*** Opening Exercise inputs ***
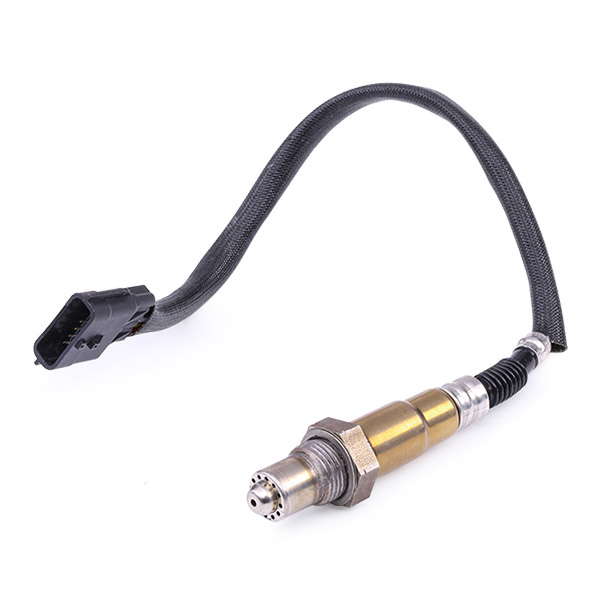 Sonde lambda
*** Closing Exercise inputs ***
*** Opening Exercise inputs ***
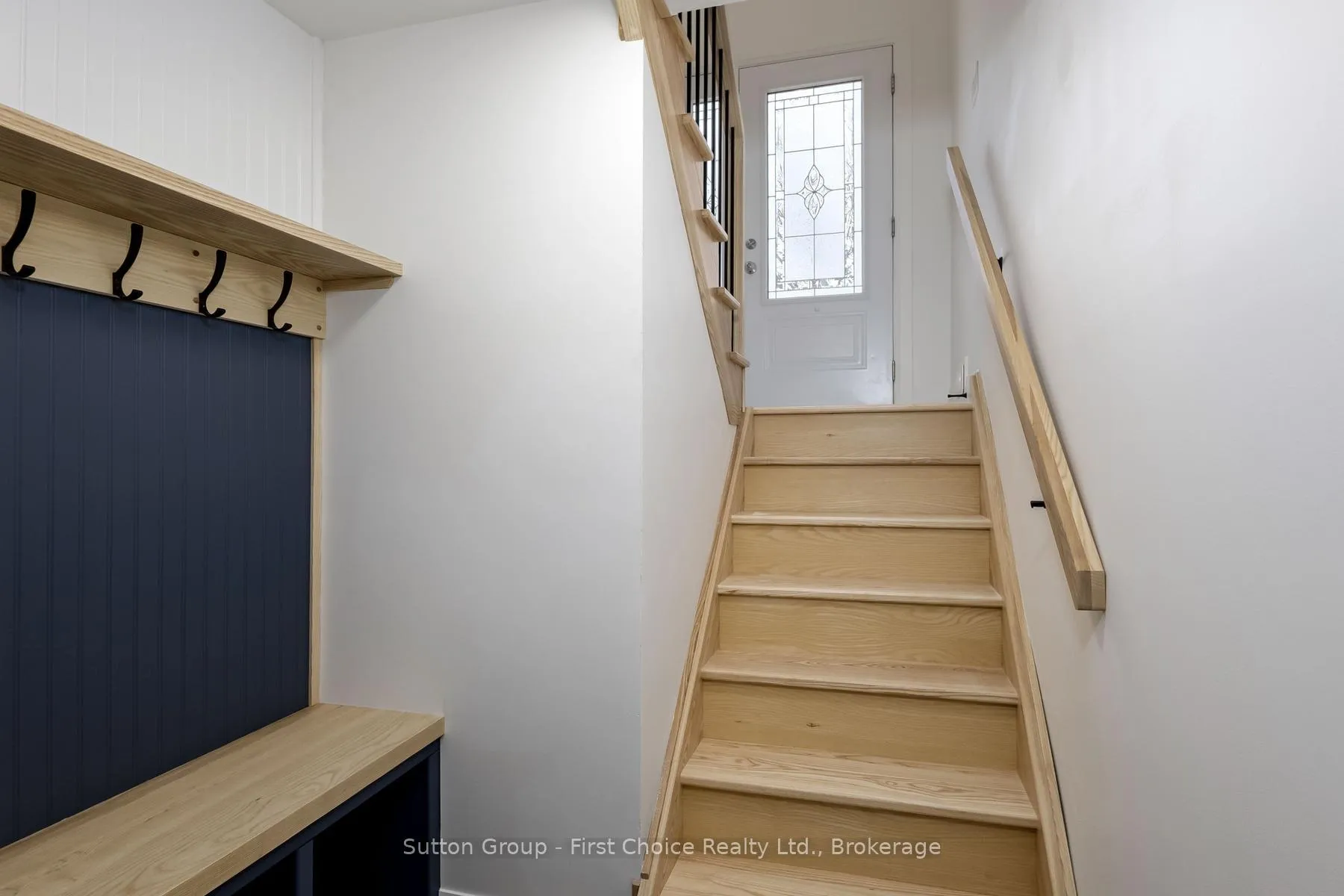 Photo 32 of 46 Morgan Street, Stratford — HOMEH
*** Closing Exercise inputs ***
*** Opening Exercise inputs ***
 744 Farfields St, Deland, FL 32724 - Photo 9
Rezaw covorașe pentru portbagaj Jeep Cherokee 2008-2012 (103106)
*** Closing Exercise inputs ***
**What you have to do:** One stretch of the lines above is wanted, from the line that contains "744 Farfields St, Deland, FL 32724 - Photo 9" through the line that contains "Rezaw covorașe pentru". Output it exactly.

**Answer space:**
 744 Farfields St, Deland, FL 32724 - Photo 9
Rezaw covorașe pentru portbagaj Jeep Cherokee 2008-2012 (103106)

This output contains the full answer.